Dipping the wider tube b into the liquid and sucking at the india-rubber end, a sufficient vacuum may be produced if the bulb g be large enough, so that by keeping the tubing pinched with the finger enough liquid will enter to fill the apparatus.
The operation is complete when the liquid begins to drop out at a. The bulb is then removed, and the instrument placed nearly up to the level of the ends in a water-bath of the desired temperature. In the resulting changes of volume it will be seen that it is only in the wider capillary tube b that the level of liquid oscillates—that is to say, in the line of least resistance. In the narrower limb, it remains steady throughout at a. If at the desired temperature the liquid in the tube 6 stands outside the mark m, it can be adjusted by applying a piece of blotting-paper to the end a; if, on the other hand, it does not reach the mark, an additional drop of the solution may readily be introduced by applying it at a on the end of a glass rod; the capillary action of the tube sufficing to absorb it and carry forward the level of the liquid within 6.
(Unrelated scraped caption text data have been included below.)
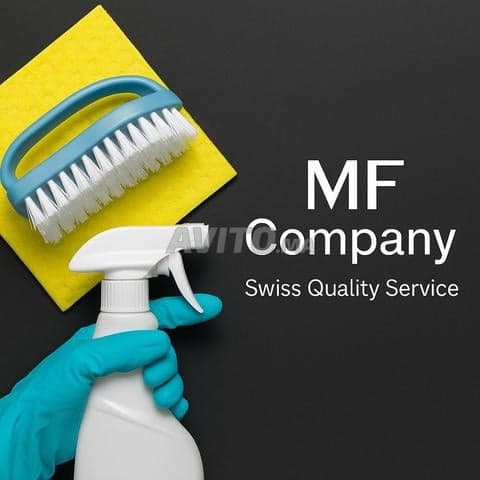 LH mobilier by swiss Quality - Work sample 3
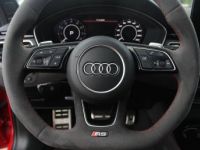 Audi RS4 Avant 2.9 TFSI quattro CARBON/510CH - <small></small> 64.900 € <small>TTC</small> - #13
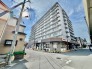 蒲生駅徒歩１分の近さ。 忙しい朝が助かる立地、 暮らしにゆとりが生まれます。
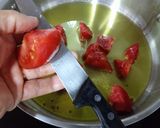 Foto del paso 2 de la receta: Conserva de tomate frito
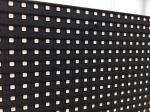 Outdoor P8 Led Screen Sign Board Easy Maintenance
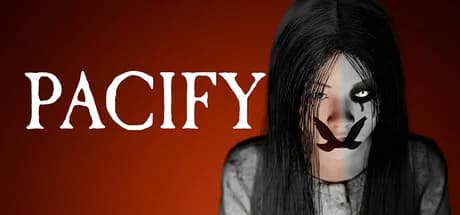 Pacify görsel 1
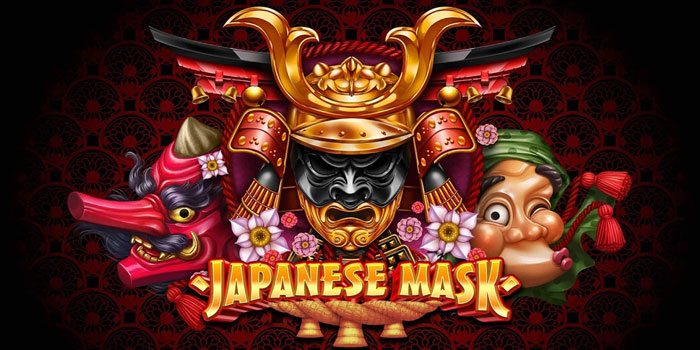 Rahasia Sukses Menang Besar di Slot Japanese Mask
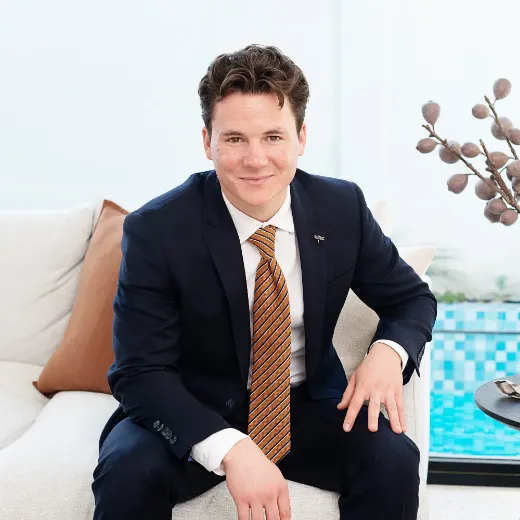 Mason Crawford - Real Estate Agent at Ouwens Casserly Real Estate Adelaide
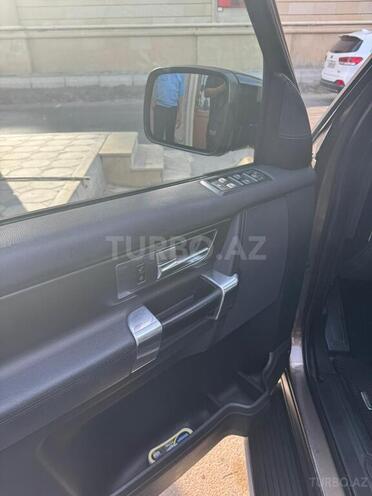 Land Rover Discovery 2012, 210,000 km - 3.0 л - Bakı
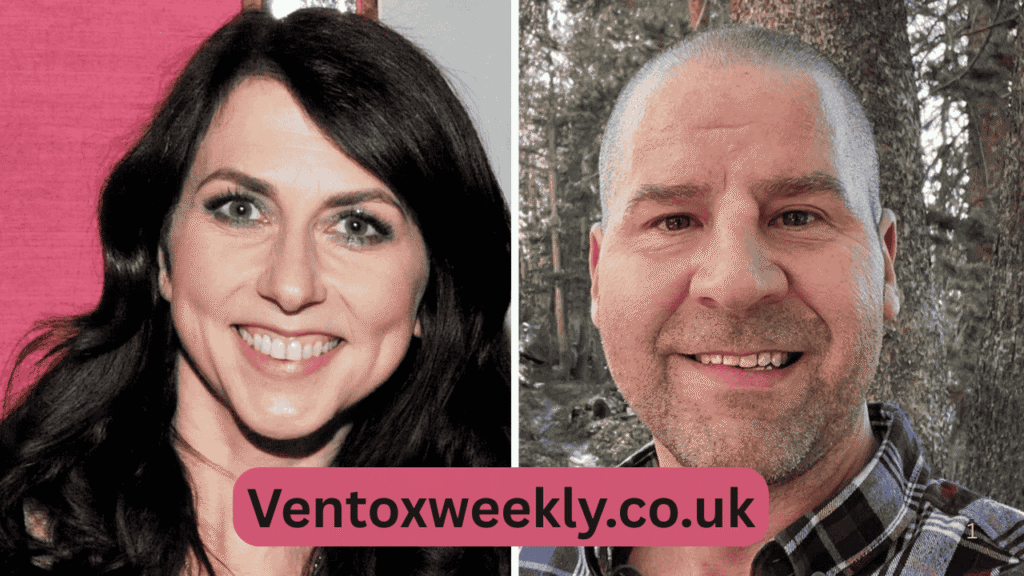 dan jewett first wife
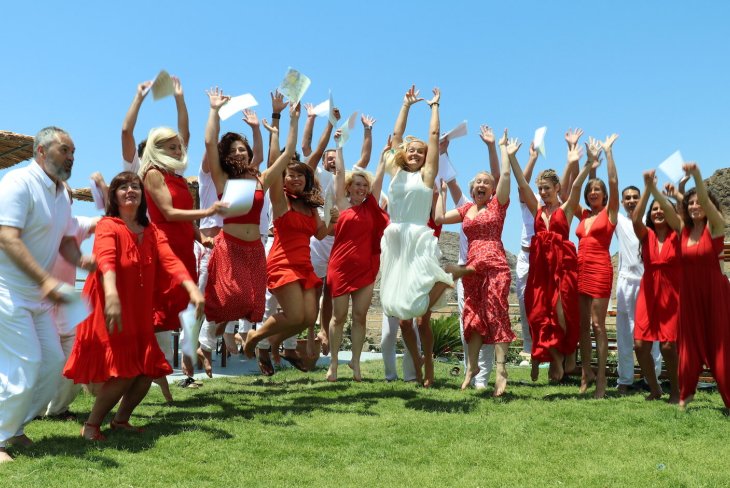 Spiritual Tantra Sexuality in Tallinn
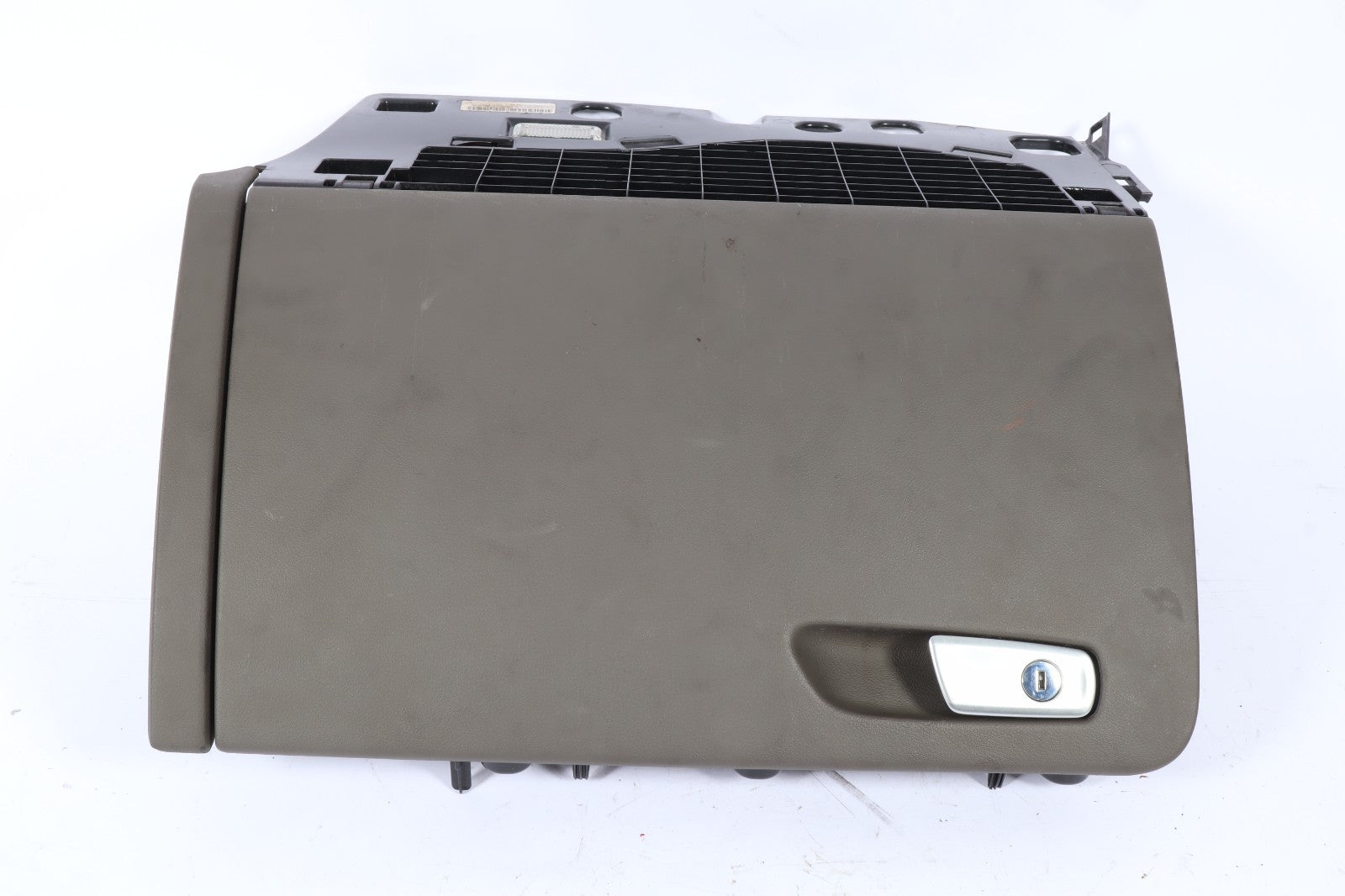 2009-2012 AUDI Q5 INTEERIOR GLOVE BOX STORAGE COMPARTMENT 8R1880302 OEM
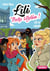 Lili trop stylée ! Tome 13 : Lili se rebelle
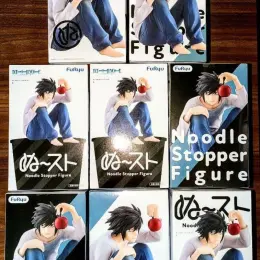 Фигурка L Death Note Noodle Stopper Furyu 13 см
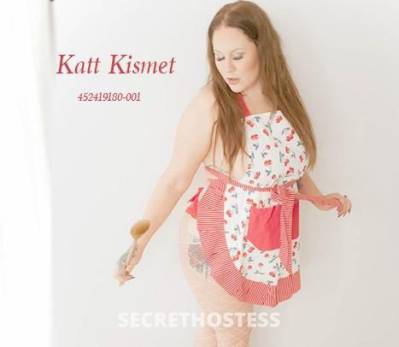 KATTKISMET 30Yrs Old Escort Edmonton Image - 5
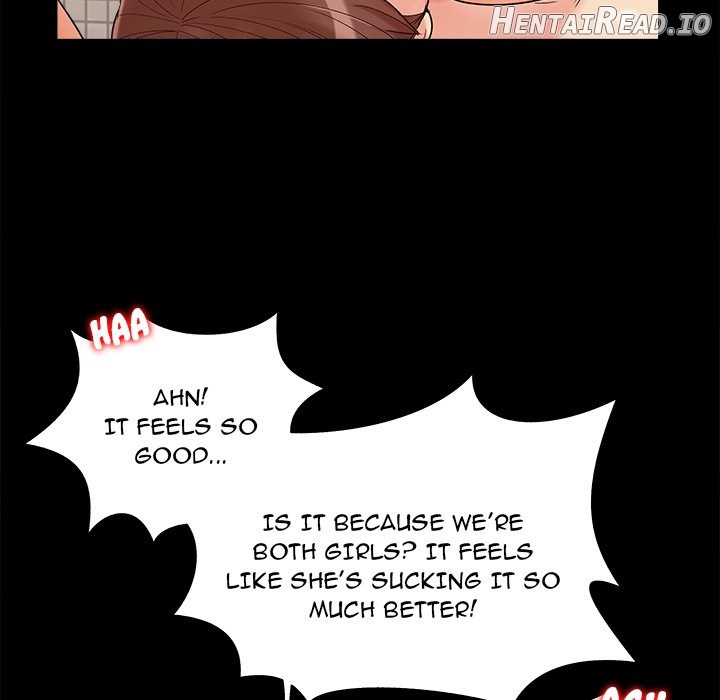 Sleepy Town Escapades Chapter 27 - page 114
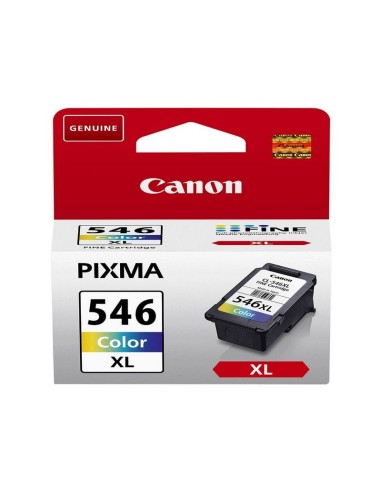 CARTUCHO CANON PIXMA 545XL COLOR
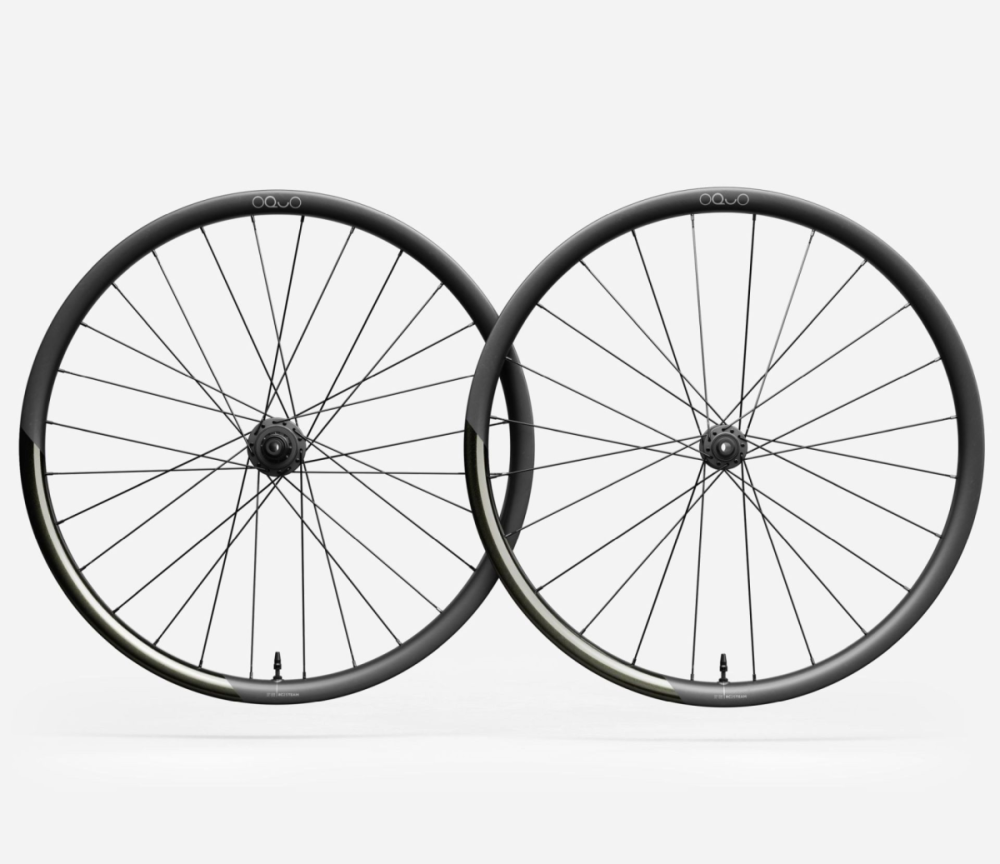 Oquo RC25TEAM SRAM XDR SET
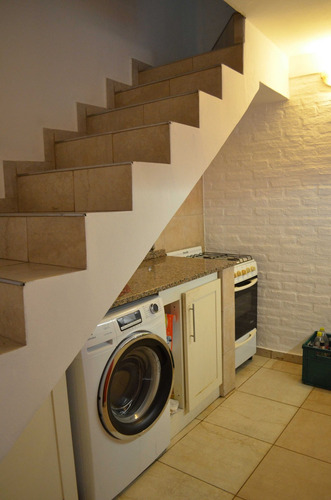 Imagen 11 de 12 de Ph 2 Ambientes Venta O Permuta V. Sarmiento, Morón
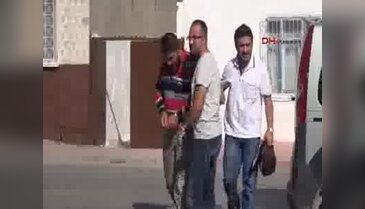 Konya'da IŞİD operasyonu: 20 gözaltı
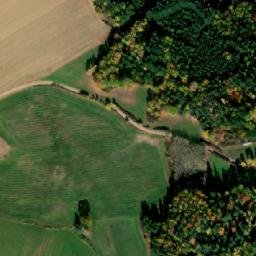 Satellite imagery of Pastviště [Hracholusky u Prachatic], CZ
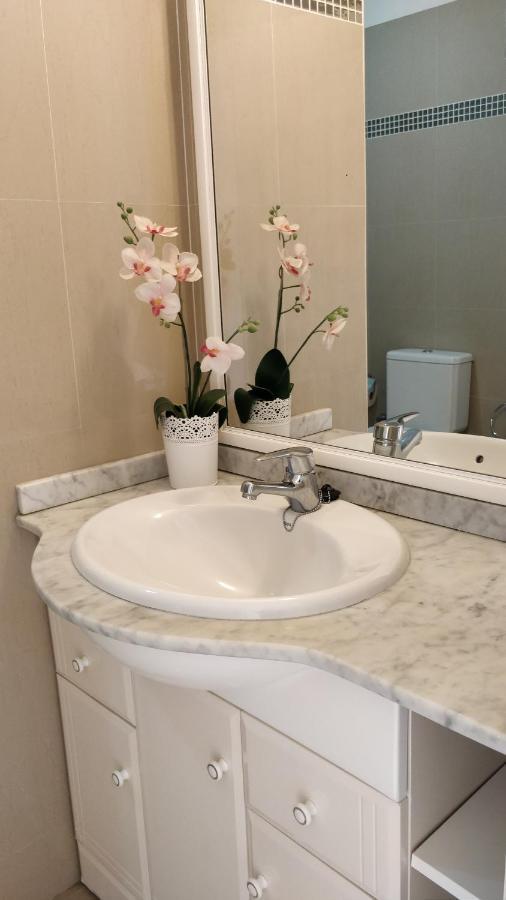 شقة Royal Golden Mile Terrace بلايا ذي لاس أميريكاس المظهر الخارجي الصورة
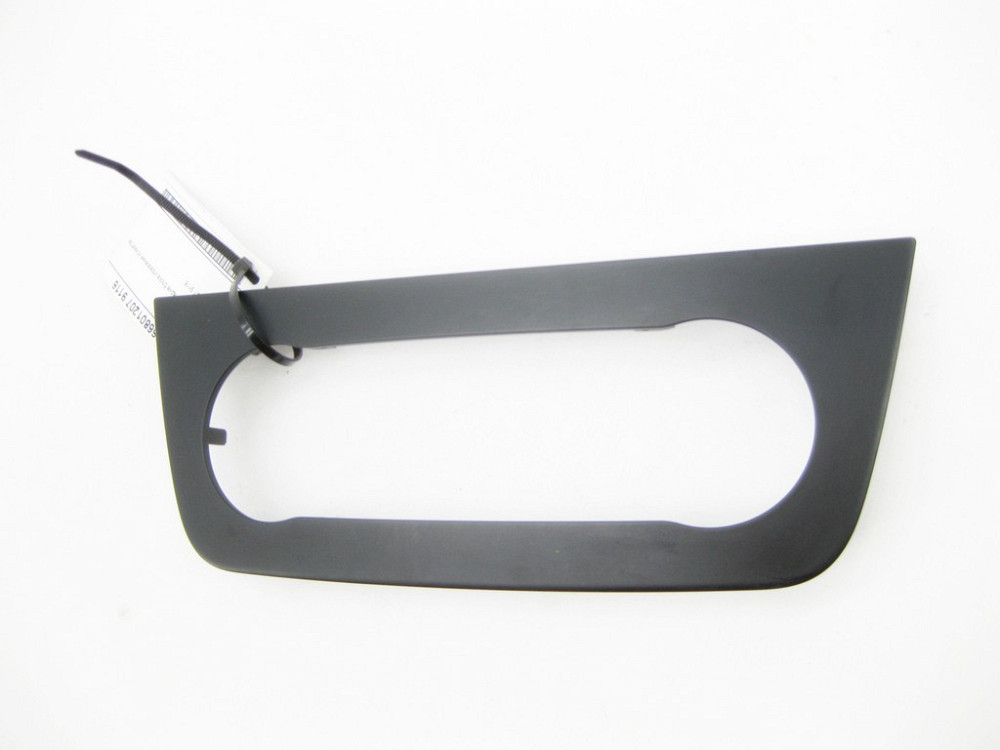 Mercedes-Benz  A1666801207 9116 Декоративна накладна блоку керування кліматом ML/GLE W166 GLE Coupe C292 GL/GLS X166 Одеса - фото 4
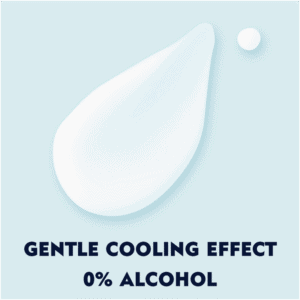 Nivea MEN Sensitive Cool Sensitive Cooling After Shave Balm 100ml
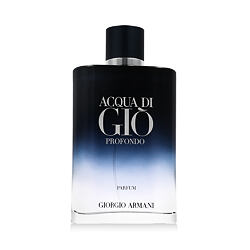 Giorgio Armani Acqua di Giò Profondo Parfum (Homme) 200 ml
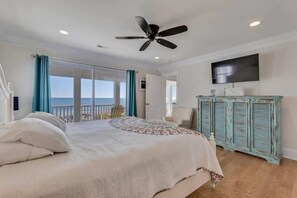 8 室のベッドルーム、アイロン / アイロン台、WiFi、ベッドシーツ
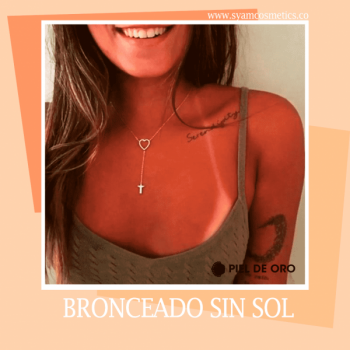 Kit De Bronceo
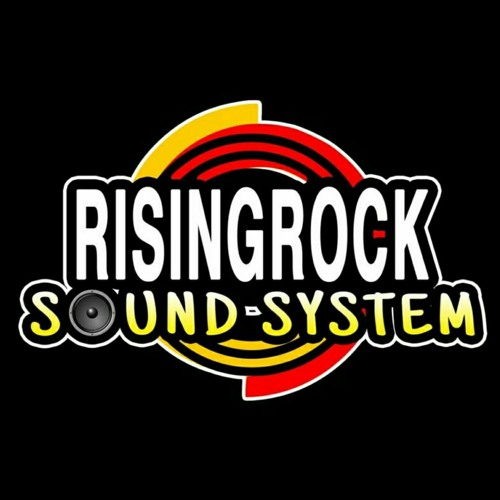 RisingRock Sound Dancehall Mash Up Dj Hotskull X Dj Exclusive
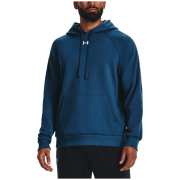 Sweat-shirt homme Under Armour Rival Fleece Hoodie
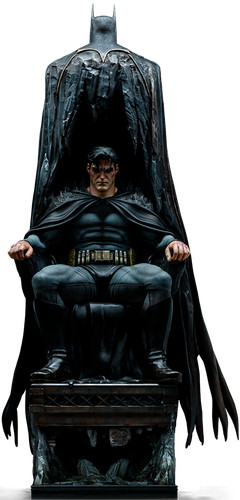 Batman and bruce wayne - batman,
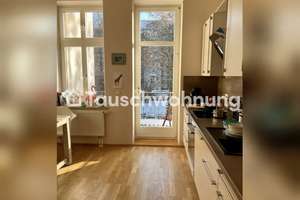 Tauschwohnung: 4-Raum-Wohnung im Waldstraßenviertel, Nähe RB Arena – Die vollständige Adresse der Immobilie erhältst du vom Anbieter., 4105 Zentrum-Nordwest, Leipzig – Vorschaubild 5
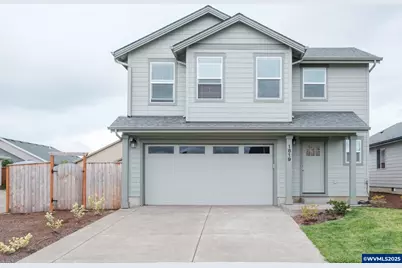 1819 SE Blueberry St, Dallas, OR 97338 - Photo 1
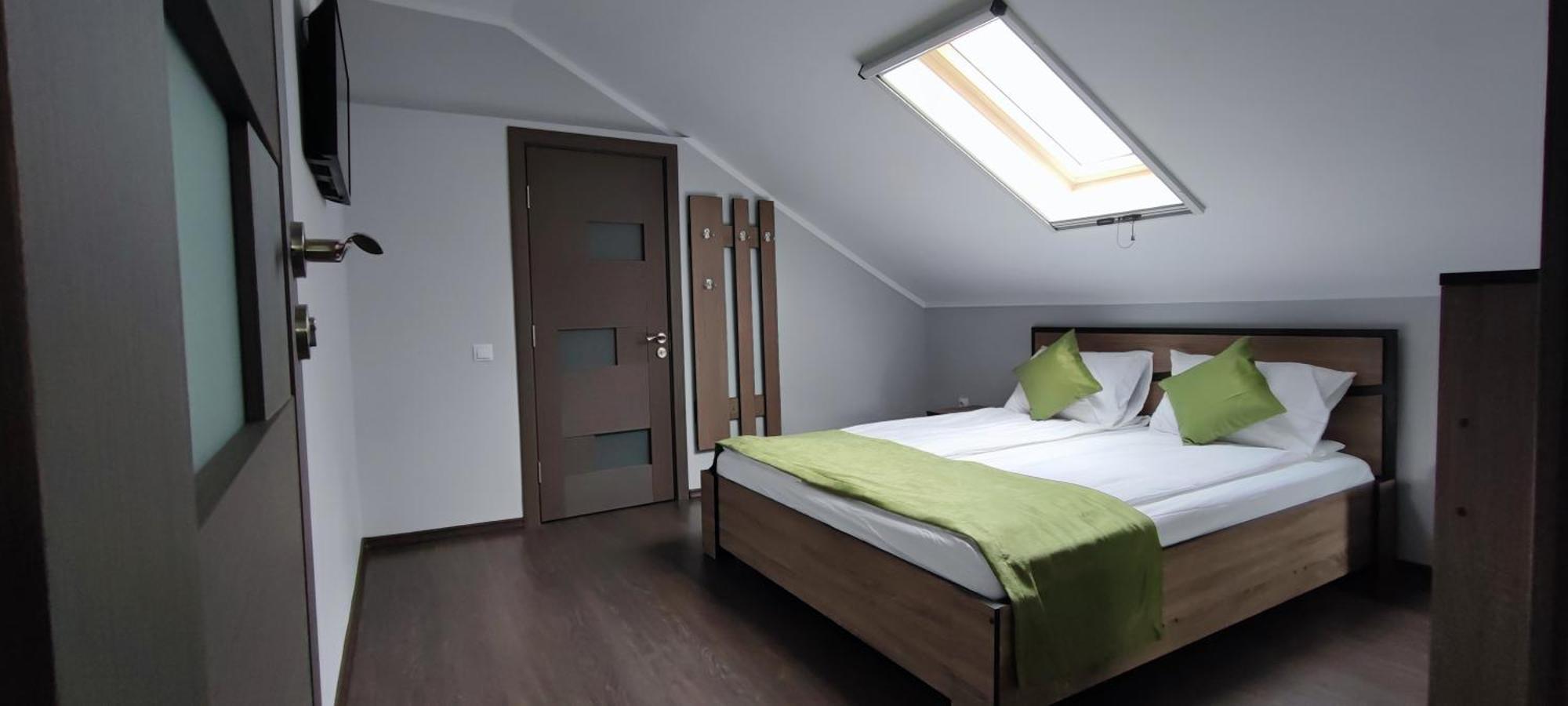 La Coti Villa Tatrang Kültér fotó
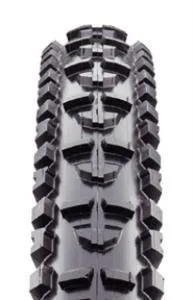 Anvelopa 26X2.50 Maxxis High Roller 27TPI foldabil UST Tubless ST Downhill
This operation is capable of so much exactness that in successive experiments, assuming the temperature to continue perfectly uniform, the weight of the charged instrument will not vary by more than 0.1 to 0.2 milligramme. In removing the apparatus from the water-bath and wiping it previous to weighing, it is obviously requisite to avoid touching the point at a. The emptying is done by again attaching the glass bulb and blowing out the contents of the tube; then a little alcohol and ether sucked into it will serve to rinse it out and dry it.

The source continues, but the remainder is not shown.